## Recorded data
:::
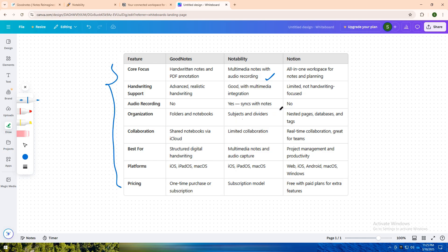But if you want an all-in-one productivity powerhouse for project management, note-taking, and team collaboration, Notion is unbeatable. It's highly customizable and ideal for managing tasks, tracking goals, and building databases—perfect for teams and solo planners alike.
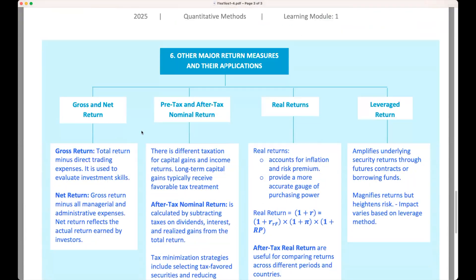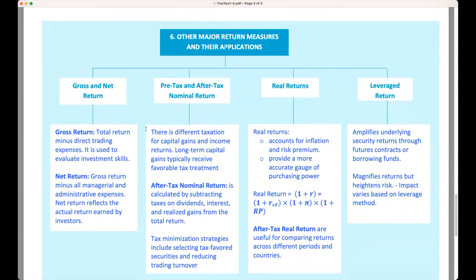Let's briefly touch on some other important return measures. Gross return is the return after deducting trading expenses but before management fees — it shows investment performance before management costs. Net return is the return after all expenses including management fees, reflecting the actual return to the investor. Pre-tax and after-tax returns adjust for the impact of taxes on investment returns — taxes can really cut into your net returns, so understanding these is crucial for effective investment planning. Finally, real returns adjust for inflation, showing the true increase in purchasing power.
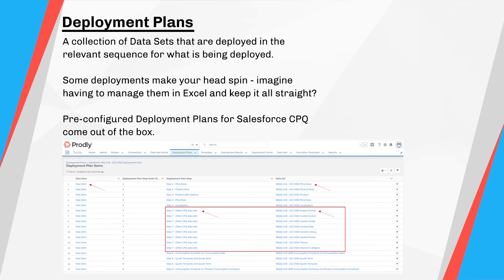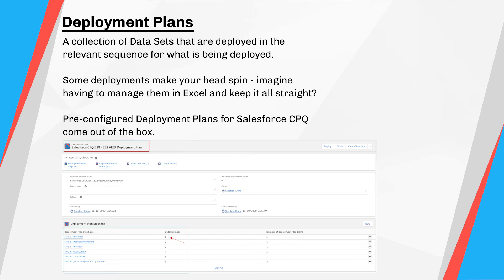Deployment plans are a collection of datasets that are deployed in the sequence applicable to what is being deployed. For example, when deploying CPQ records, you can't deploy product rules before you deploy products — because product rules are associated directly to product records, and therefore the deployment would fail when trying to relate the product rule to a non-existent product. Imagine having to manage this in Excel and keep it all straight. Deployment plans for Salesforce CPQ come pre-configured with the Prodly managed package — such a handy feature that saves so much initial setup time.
:::
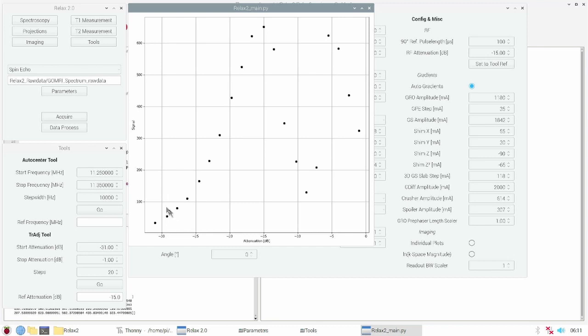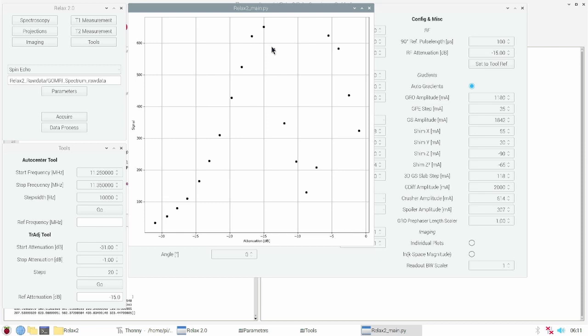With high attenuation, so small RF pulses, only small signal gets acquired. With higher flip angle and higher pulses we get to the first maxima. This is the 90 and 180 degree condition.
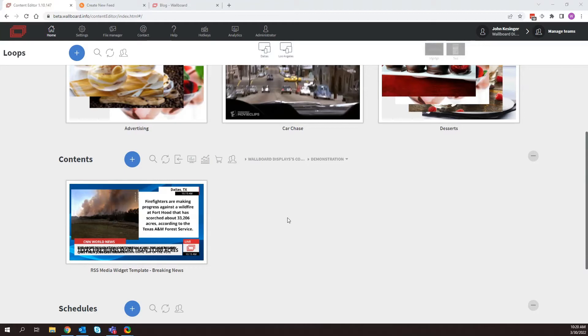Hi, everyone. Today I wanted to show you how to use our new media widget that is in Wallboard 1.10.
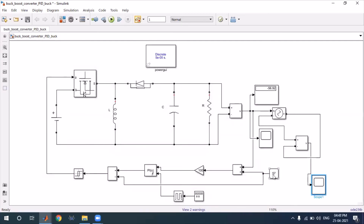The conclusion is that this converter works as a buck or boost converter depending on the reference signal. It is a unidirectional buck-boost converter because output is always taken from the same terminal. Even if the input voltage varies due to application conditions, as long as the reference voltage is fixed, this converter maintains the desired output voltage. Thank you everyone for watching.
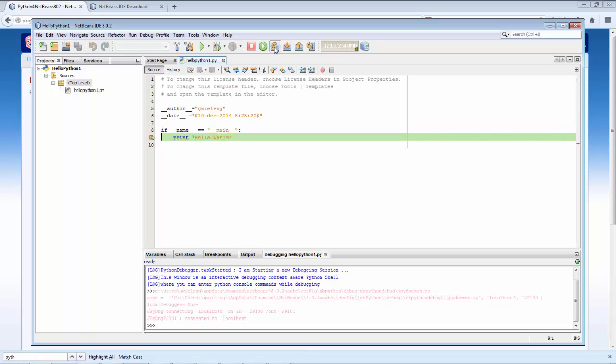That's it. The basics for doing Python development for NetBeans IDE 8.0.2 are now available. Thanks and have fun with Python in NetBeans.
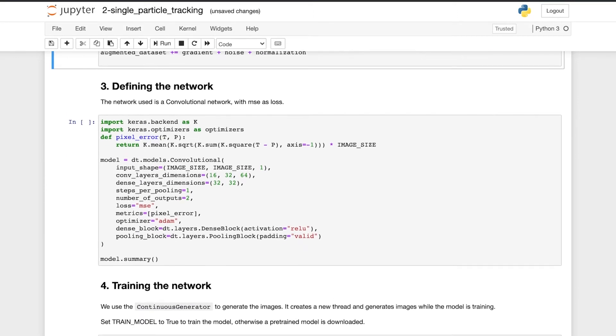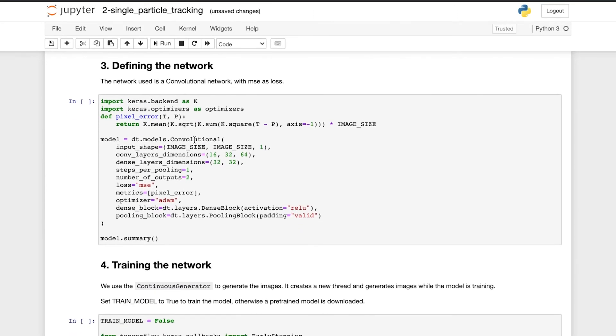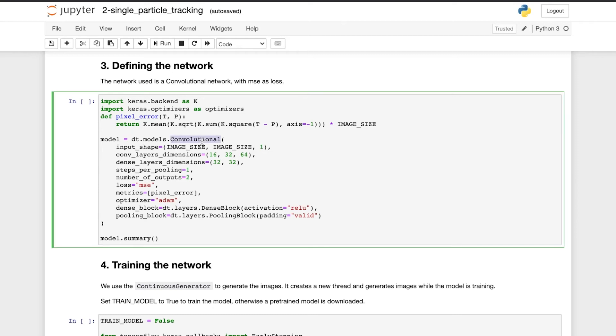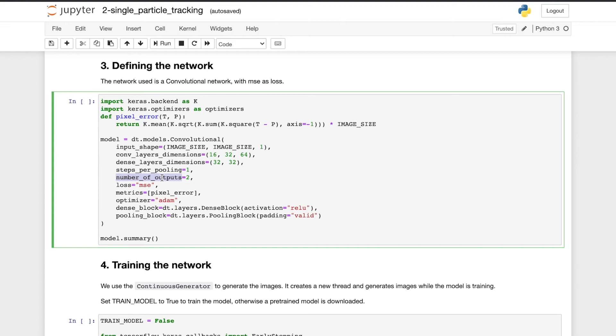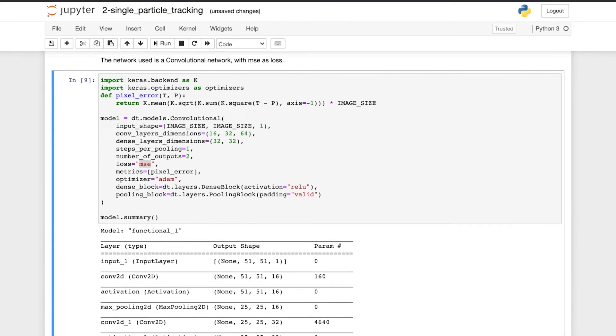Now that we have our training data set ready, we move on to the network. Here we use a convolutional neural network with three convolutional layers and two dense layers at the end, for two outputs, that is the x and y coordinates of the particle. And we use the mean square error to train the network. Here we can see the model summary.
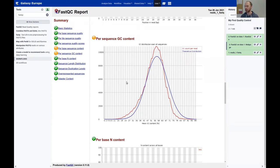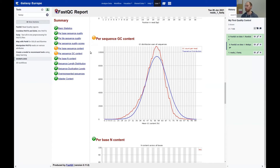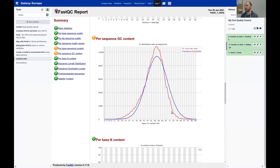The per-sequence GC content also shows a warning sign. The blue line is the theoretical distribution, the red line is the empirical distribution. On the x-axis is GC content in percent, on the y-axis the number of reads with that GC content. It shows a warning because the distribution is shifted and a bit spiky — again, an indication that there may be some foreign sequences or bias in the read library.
:::
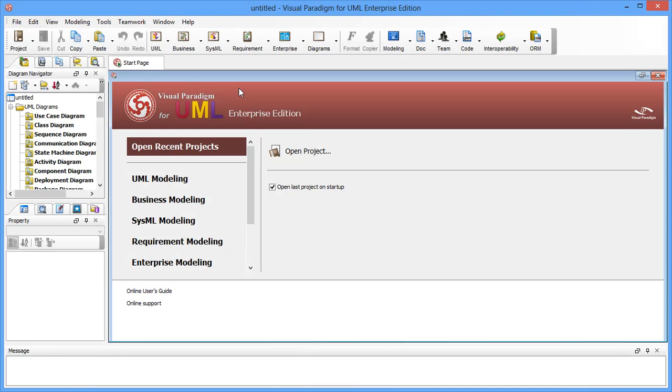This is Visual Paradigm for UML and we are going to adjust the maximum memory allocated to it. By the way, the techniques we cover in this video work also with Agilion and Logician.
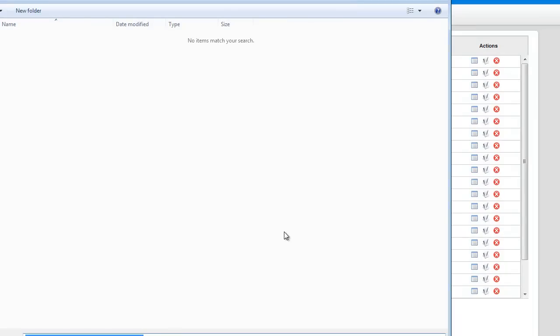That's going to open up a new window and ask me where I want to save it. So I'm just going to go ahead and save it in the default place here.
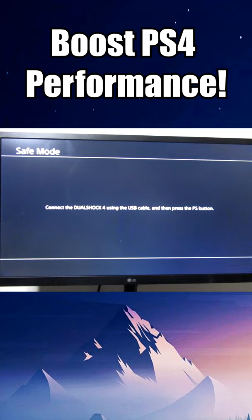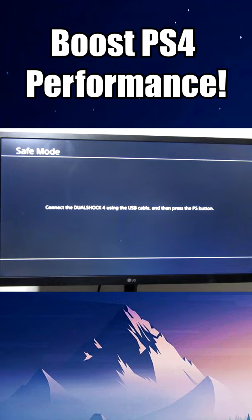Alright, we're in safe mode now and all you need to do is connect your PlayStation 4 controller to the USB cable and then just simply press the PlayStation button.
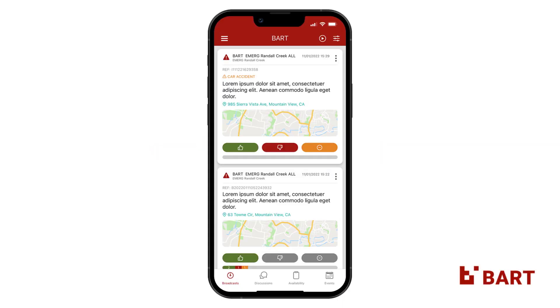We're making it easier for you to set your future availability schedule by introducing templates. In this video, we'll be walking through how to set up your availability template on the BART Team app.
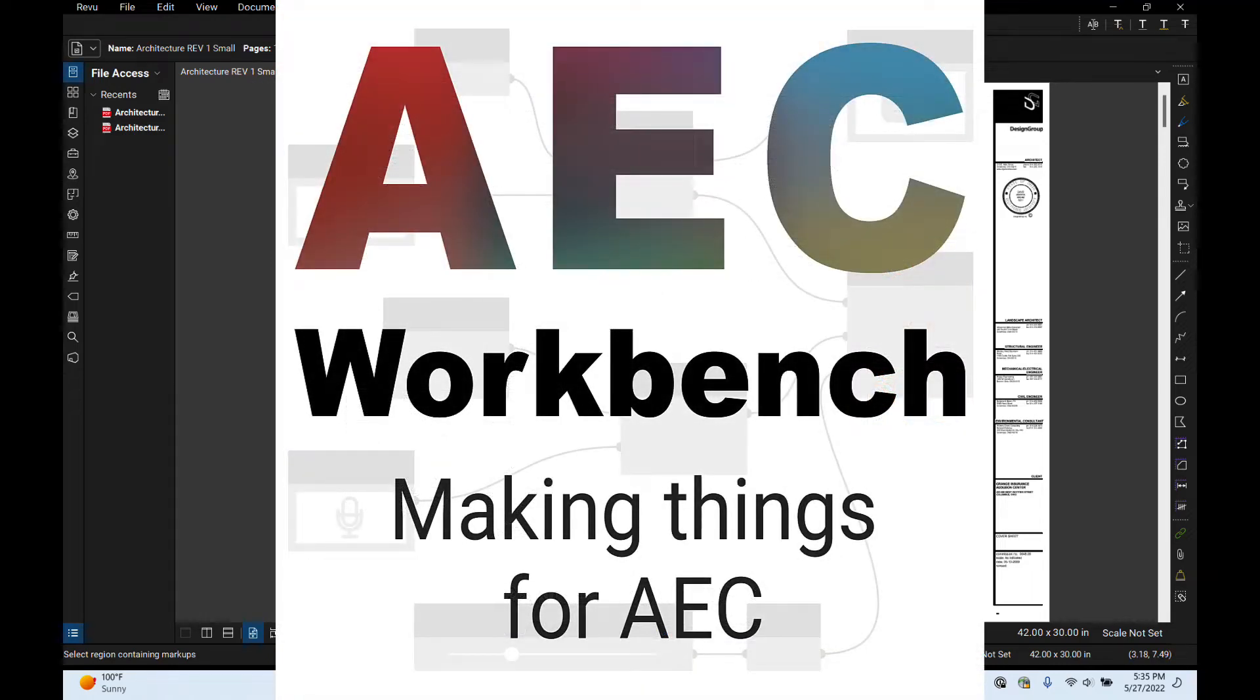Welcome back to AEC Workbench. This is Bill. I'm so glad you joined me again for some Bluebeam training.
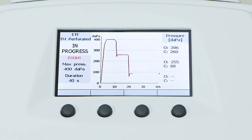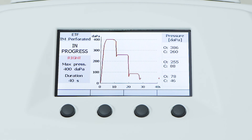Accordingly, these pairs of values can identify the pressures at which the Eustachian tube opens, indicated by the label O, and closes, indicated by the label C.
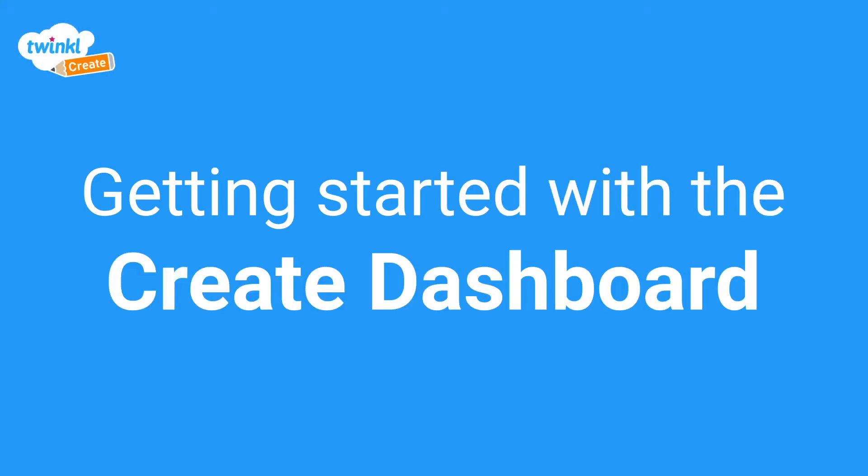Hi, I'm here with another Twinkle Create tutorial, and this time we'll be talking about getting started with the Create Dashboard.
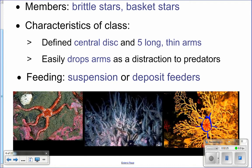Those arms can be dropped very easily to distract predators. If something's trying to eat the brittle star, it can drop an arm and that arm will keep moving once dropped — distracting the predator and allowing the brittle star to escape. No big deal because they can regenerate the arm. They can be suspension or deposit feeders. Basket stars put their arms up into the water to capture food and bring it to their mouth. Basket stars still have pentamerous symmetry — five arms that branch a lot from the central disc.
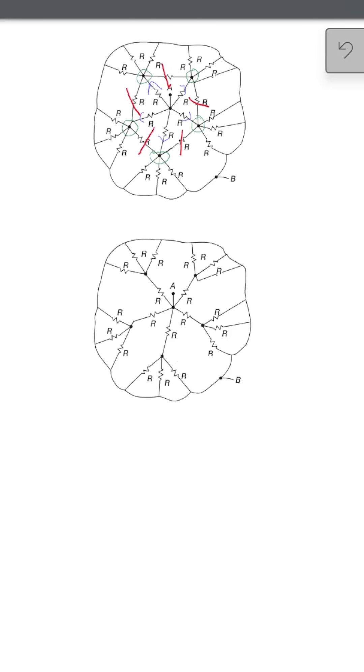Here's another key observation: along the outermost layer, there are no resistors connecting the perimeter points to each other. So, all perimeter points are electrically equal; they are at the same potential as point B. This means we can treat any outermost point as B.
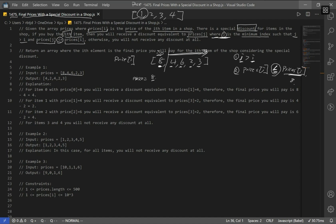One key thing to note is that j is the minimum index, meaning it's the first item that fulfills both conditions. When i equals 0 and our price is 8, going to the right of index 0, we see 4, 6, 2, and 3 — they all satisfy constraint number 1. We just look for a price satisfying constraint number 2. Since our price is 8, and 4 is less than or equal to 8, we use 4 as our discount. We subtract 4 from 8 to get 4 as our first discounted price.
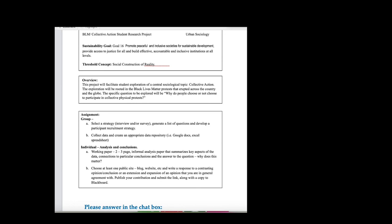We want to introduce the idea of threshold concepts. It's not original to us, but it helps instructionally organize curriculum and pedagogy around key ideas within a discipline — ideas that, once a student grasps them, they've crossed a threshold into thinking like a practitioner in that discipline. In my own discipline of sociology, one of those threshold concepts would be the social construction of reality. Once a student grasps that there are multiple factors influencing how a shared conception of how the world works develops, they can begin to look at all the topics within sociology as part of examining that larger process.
:::
## Problem
Going by the data above, give back only the lines from the one containing "But if you want" through the one containing "Let's briefly touch", exactly as they stand, both ends included and no images.

## Task solution
But if you want an all-in-one productivity powerhouse for project management, note-taking, and team collaboration, Notion is unbeatable. It's highly customizable and ideal for managing tasks, tracking goals, and building databases—perfect for teams and solo planners alike.
Let's briefly touch on some other important return measures. Gross return is the return after deducting trading expenses but before management fees — it shows investment performance before management costs. Net return is the return after all expenses including management fees, reflecting the actual return to the investor. Pre-tax and after-tax returns adjust for the impact of taxes on investment returns — taxes can really cut into your net returns, so understanding these is crucial for effective investment planning. Finally, real returns adjust for inflation, showing the true increase in purchasing power.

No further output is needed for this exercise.